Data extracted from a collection
+ + + + +
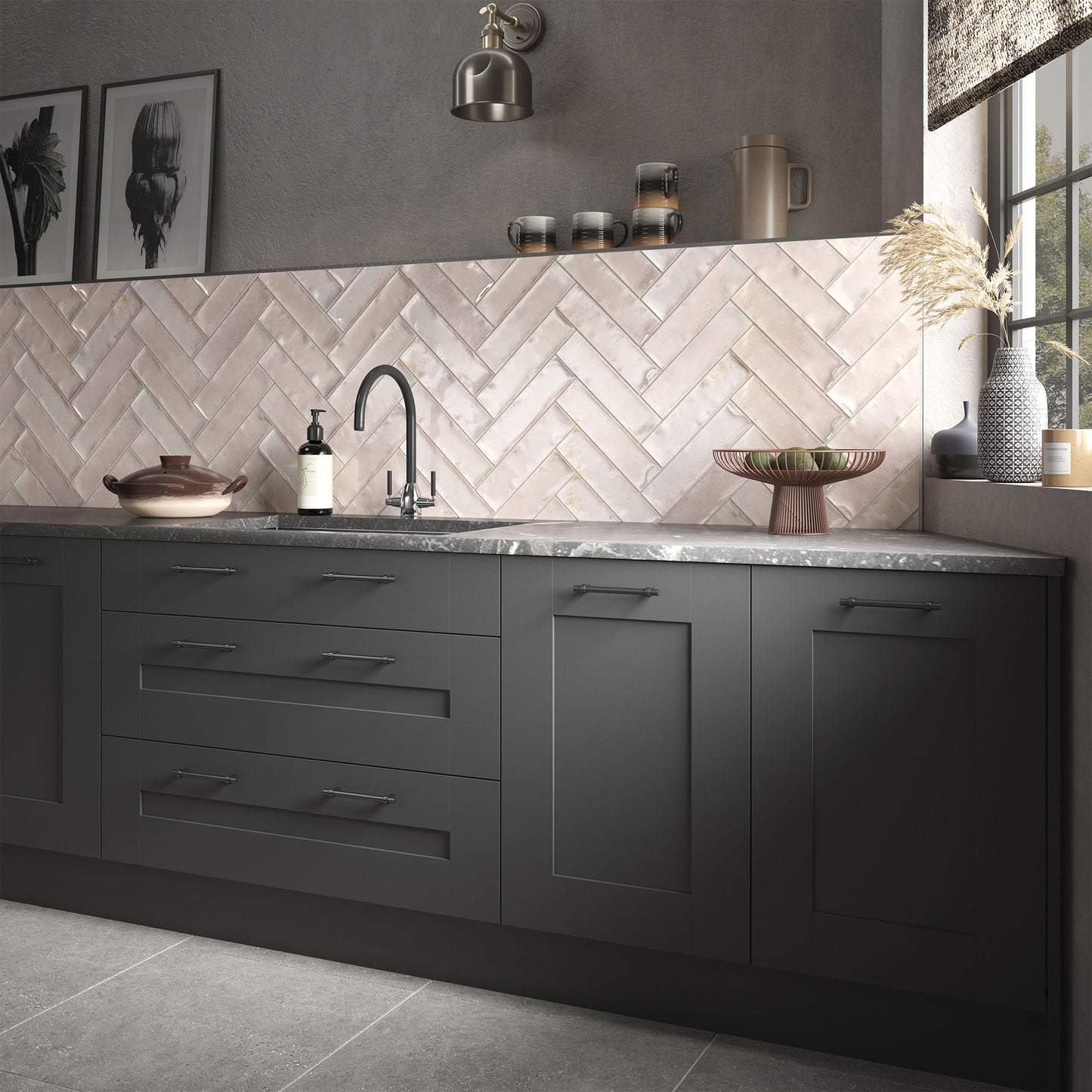 Rose - Aura 8mm Gloss Tile Sample (P11068)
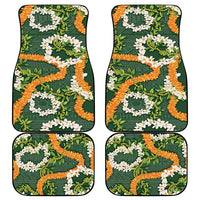 Aloha Festive Hawaii Car Mats Mokihana - Maile and Ilima on Forest Green - Polynesian Pride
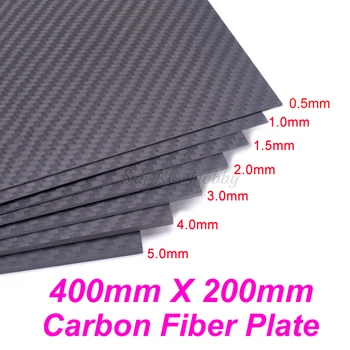 400mm X 200mm Pravi Ogljikovih Vlaken Plošče Plošče Pločevine 0,5 mm 1 mm 1,5 mm 2 mm 3 mm 4 mm 5 mm debeline, Sestavljena Trdoto Materiala za RC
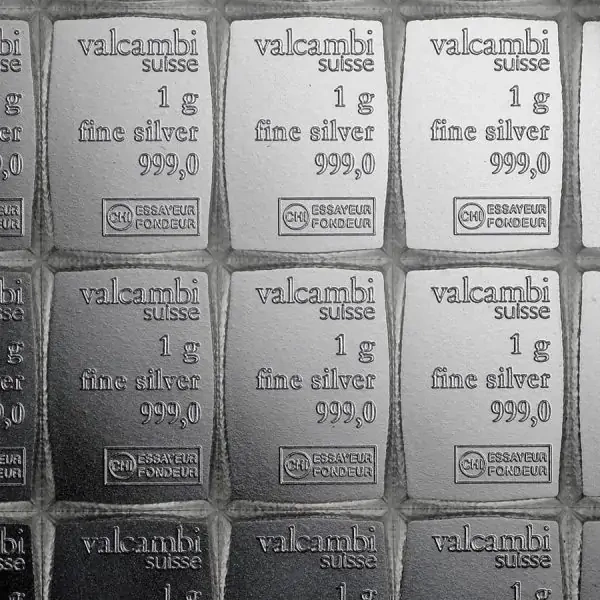 100x 1g investiční stříbrný slitek Valcambi CombiBar®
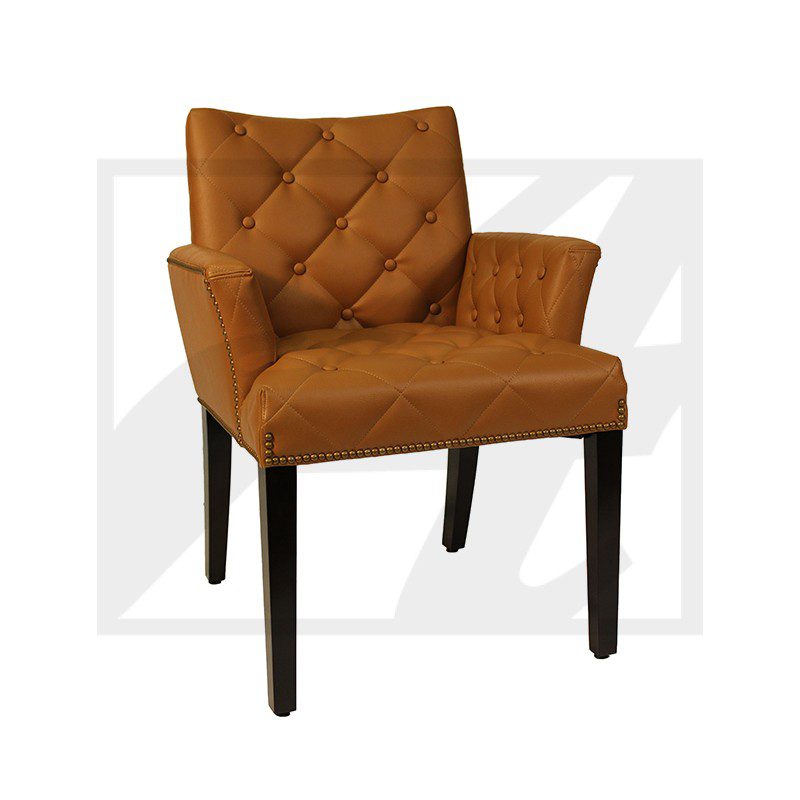 A stylish brown upholstered chair with tufted backrest and black legs.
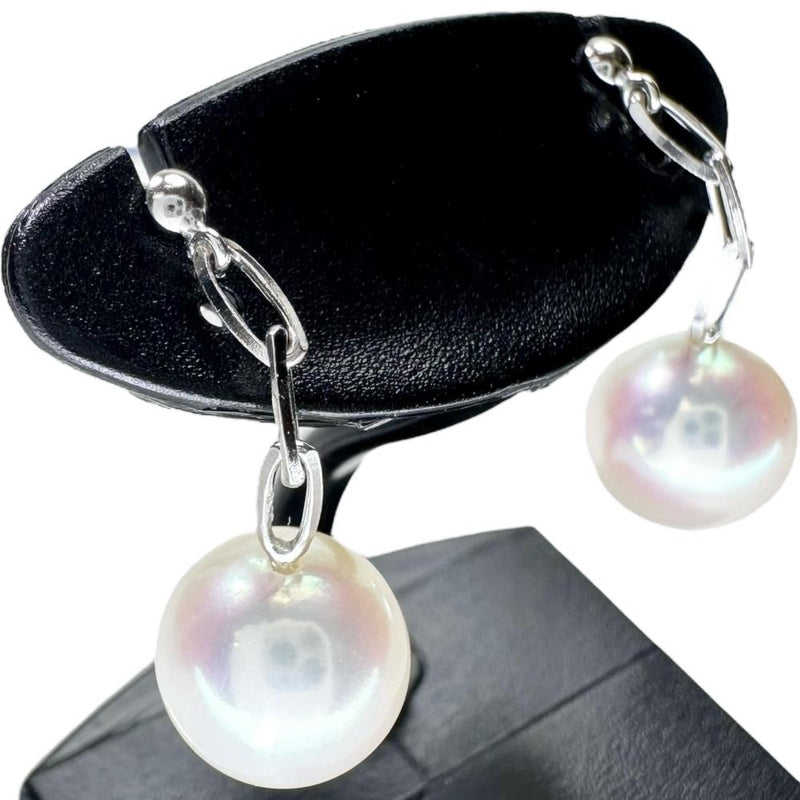 アコヤ真珠 8.0mm ピアス K18WGホワイトゴールド 18金 2.0g レディース 【中古】【真子質店】【NN】 【TTx】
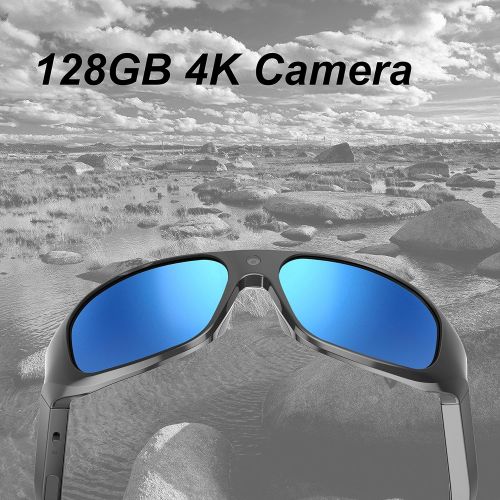  [아마존베스트]OhO sunshine OHO 4K Ultra HD Water Resistance Video Sunglasses, Sports Action Camera with Built-in 128GB Memory and Polarized UV400 Protection Safety Lenses,Unisex Sport Design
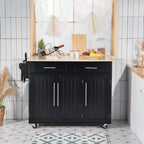Carrello da cucina con isola, piano in legno, ceppo portacoltelli e armadietto, nero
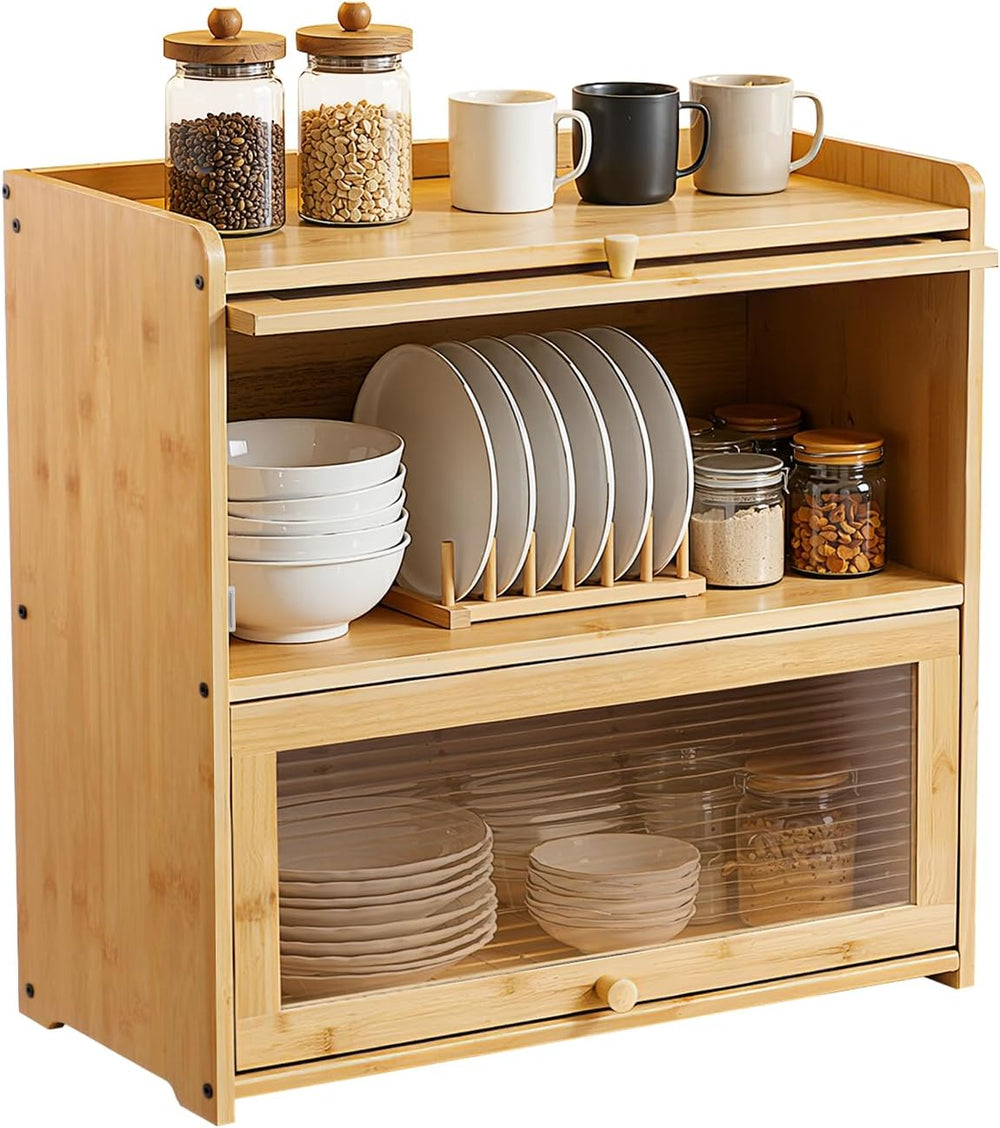 Countertop Kitchen Pantry Cabinet, 20.5x9.8x19.7in Dual-Layer Storage Cabinet...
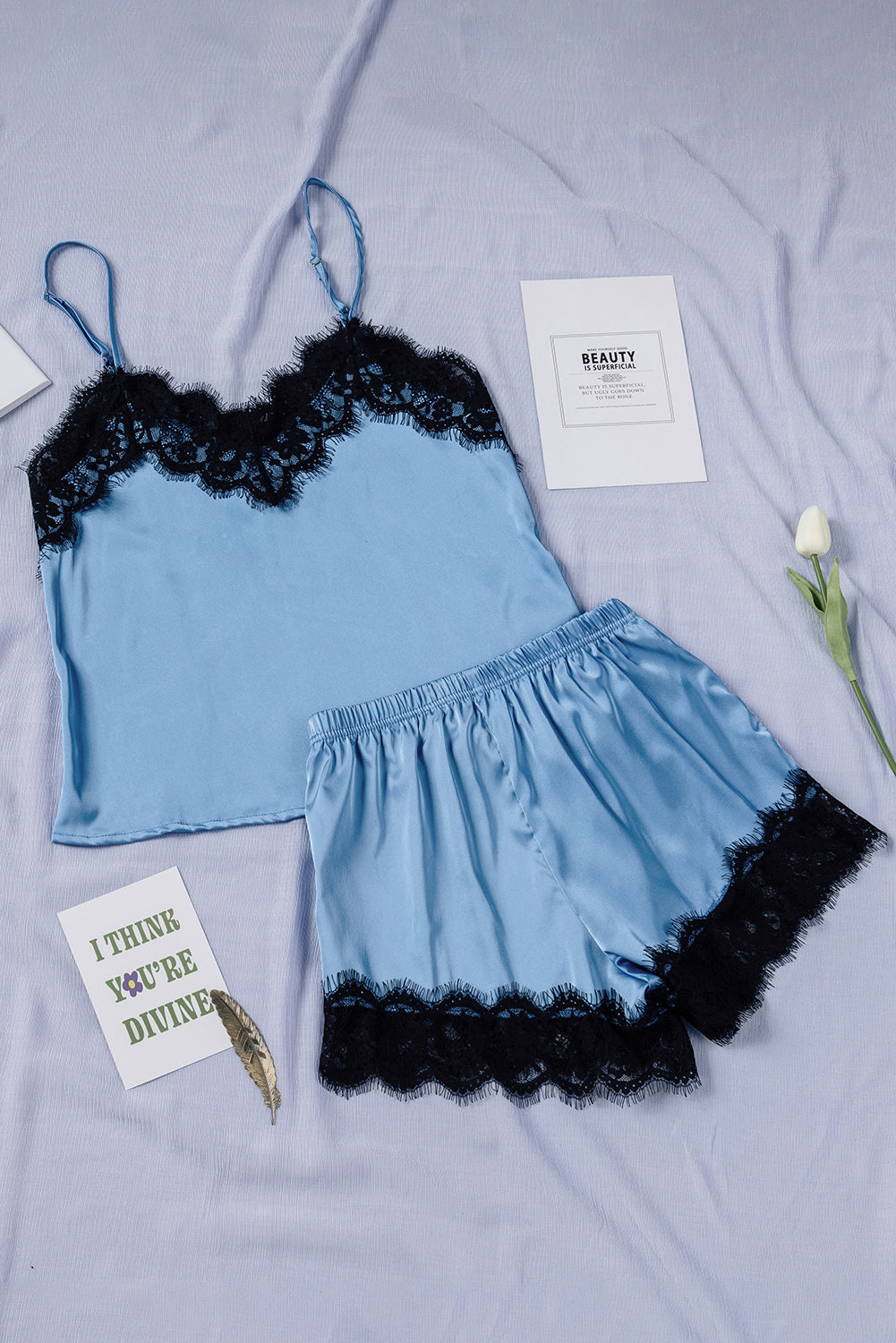 Outfit Flow - Lace Detail Spaghetti Strap Top and Shorts Lounge Set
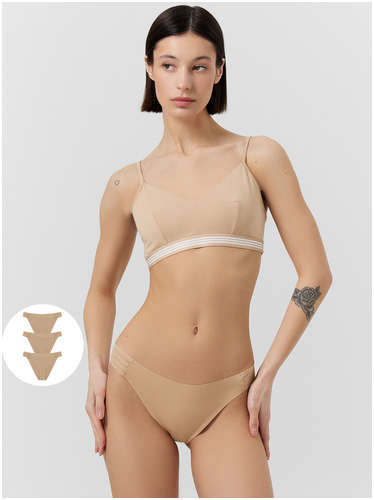 Трусы слипы женские бежевые в наборе, 3 шт Mark Formelle 103233600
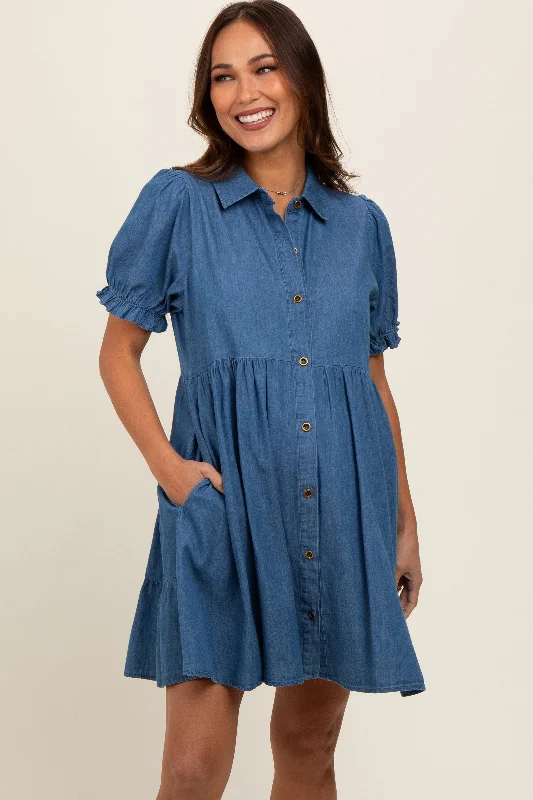 Maternity bras with a seamless design for discretion-Blue Chambray Puff Sleeve Button Down Maternity Dress Maternity bras with a seamless design for discretion-Blue Chambray Puff Sleeve Button Down Maternity Dress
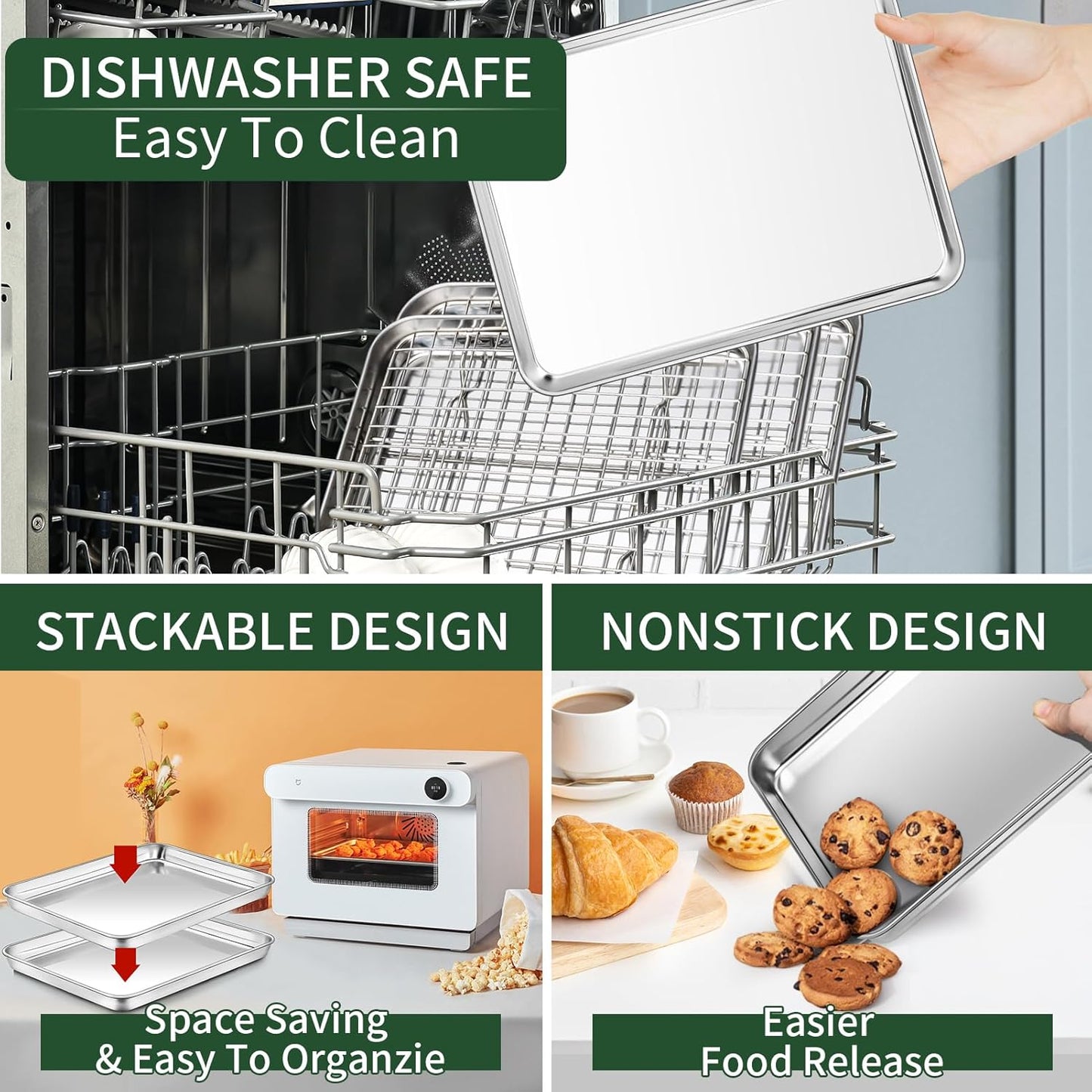 Baking Sheet with Cooling Rack Set(2 Baking Pans+2 Baking Racks), CEKEE Stainless Steel Non Stick Small Cookie Sheet Set, Size 10.39 x 8.07 x 1 Inch, Easy to Clean Small Baking Sheet with Rack Set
+ + + + +
Exercise brief:
Lines from the one holding "Maternity Dress Maternity" to the end of the data, both ends included, are to be given again exactly; no pictures belong in the copy.

Task solution:
 Maternity bras with a seamless design for discretion-Blue Chambray Puff Sleeve Button Down Maternity Dress Maternity bras with a seamless design for discretion-Blue Chambray Puff Sleeve Button Down Maternity Dress
 Baking Sheet with Cooling Rack Set(2 Baking Pans+2 Baking Racks), CEKEE Stainless Steel Non Stick Small Cookie Sheet Set, Size 10.39 x 8.07 x 1 Inch, Easy to Clean Small Baking Sheet with Rack Set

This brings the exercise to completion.